Il viaggio di Ulisse on line con le interviste sulla città incontra oggi un ex amministratore comunale molto stimato per le sue dote di equilibrio, ma anche per le sue competenze. Stiamo parlando di Nicola Santoriello, una persona perbene, schiva, assai apprezzato per la sua mitezza e moderazione, particolarità queste ultime che, però, non gli hanno mai impedito di dire la sua con franchezza e chiarezza.
In questo senso, nell’intervista pubblicata oggi da Ulisse, Nicola Santoriello non si smentisce. E’ tutta da leggere. Noi, per comprensibili ragioni di spazio, evidenziamo solo qualche passaggio.

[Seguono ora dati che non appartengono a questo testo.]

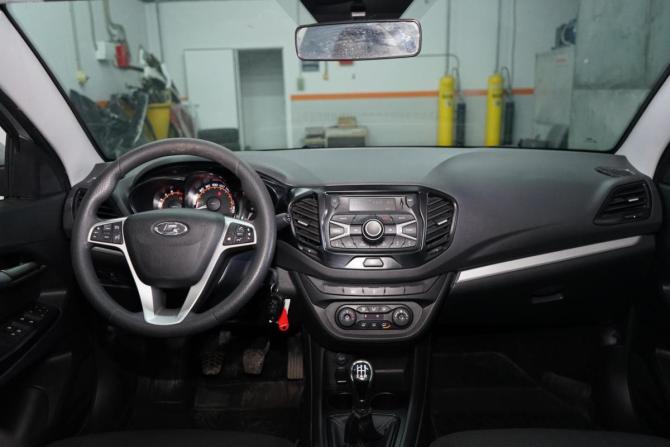 Lada (ВАЗ) Vesta I с пробегом 2020 года, цена 935 000 рублей, 61016 км, седан, Автокод Объявления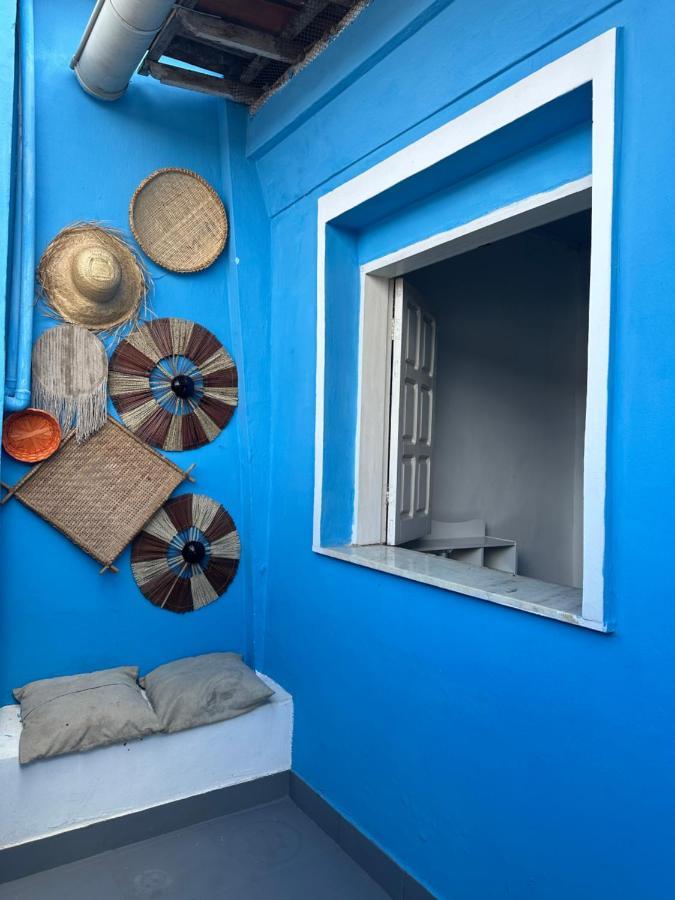 Готель Blue House Ленсойс Екстер'єр фото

Ad esempio, tanto per cominciare, non può non essere sottolineato quello che lui ritiene uno dei mali della città, ovvero un “conservatorismo di fondo che impedisce alle pure frequenti iniziative innovative che nascono in città di fare sistema e di durare nel tempo”. E come dargli torto. Così come quando denuncia che è proprio lo spirito identitario, nostro punto di forza, a rivelarsi paradossalmente anche un limite, in quanto “spesso induce ad atteggiamenti autoreferenziali e nostalgici, che ha impedito la piena presa di coscienza dei cambiamenti prodotti dallo sviluppo economico della provincia”.
Ad una analisi così puntuale non c’è da aggiungere alcunché. E lo stesso vale per quello che Santoriello ritiene una piaga cittadina da curare: “Il profondo scetticismo nei confronti di chiunque voglia apportare dei cambiamenti, mentre va debellata la subalternità nei confronti del potere e di quello politico in particolare”. A dirlo è uno come lui che ha fatto politico ed è stato per anni amministratore comunale. Non ci resta, quindi, che umilmente sottoscrivere.
E ai politici cosa consiglia? “Di avere le gambe ben piantate in città cioè di ascoltare l’umore profondo dei cavesi, ma di avere la testa fuori dalla città, cioè di guardare oltre, nell’interesse generale. Il nostro maggiore nemico siamo noi stessi”. Bellissimo insegnamento, semplice, asciutto, ma straordinariamente efficace, lungimirante, veritiero.
Fermiamoci qui e concludiamo con la definizione di Cava come città incompiuta. Sì, perché la nostra incompiutezza è figlia del nostro essere indefiniti e incerti in quelle che dovrebbero costituire in prospettive le linee di sviluppo, individuando così i nostri asset, le nostre risorse. In una parola, come rileva Nicola Santoriello, noi cavesi rischiamo di continuare a perdere la consapevolezza delle nostre potenzialità. Un lusso, ma anche un peccato, che non possiamo consentirci soprattutto per non negare un futuro alle nuove generazioni.